(Beginning of Task input)

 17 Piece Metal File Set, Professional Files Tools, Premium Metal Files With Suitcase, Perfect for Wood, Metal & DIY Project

(End of Task input)
(Beginning of Task input)

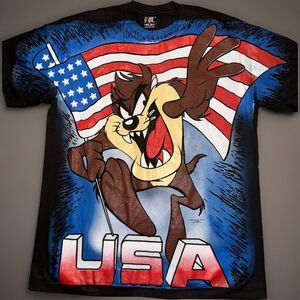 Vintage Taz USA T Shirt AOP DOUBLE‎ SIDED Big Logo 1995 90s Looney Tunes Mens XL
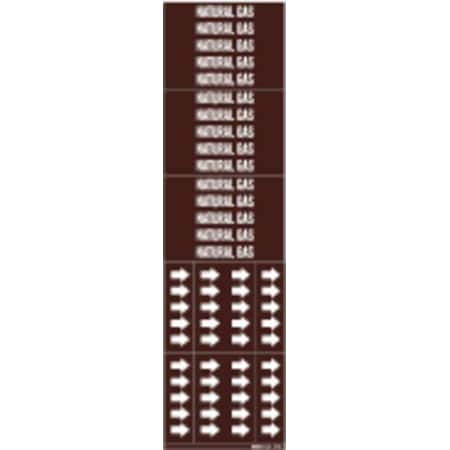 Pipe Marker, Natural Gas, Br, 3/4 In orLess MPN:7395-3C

(End of Task input)
(Beginning of Task input)

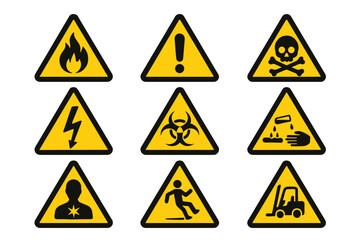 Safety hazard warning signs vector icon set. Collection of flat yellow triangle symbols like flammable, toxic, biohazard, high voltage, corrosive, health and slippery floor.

(End of Task input)

Begin at the line in the entries above that has "Vintage Taz USA", stop after the line that has "Pipe Marker, Natural", and output exactly those lines without pictures.

 Vintage Taz USA T Shirt AOP DOUBLE‎ SIDED Big Logo 1995 90s Looney Tunes Mens XL
 Pipe Marker, Natural Gas, Br, 3/4 In orLess MPN:7395-3C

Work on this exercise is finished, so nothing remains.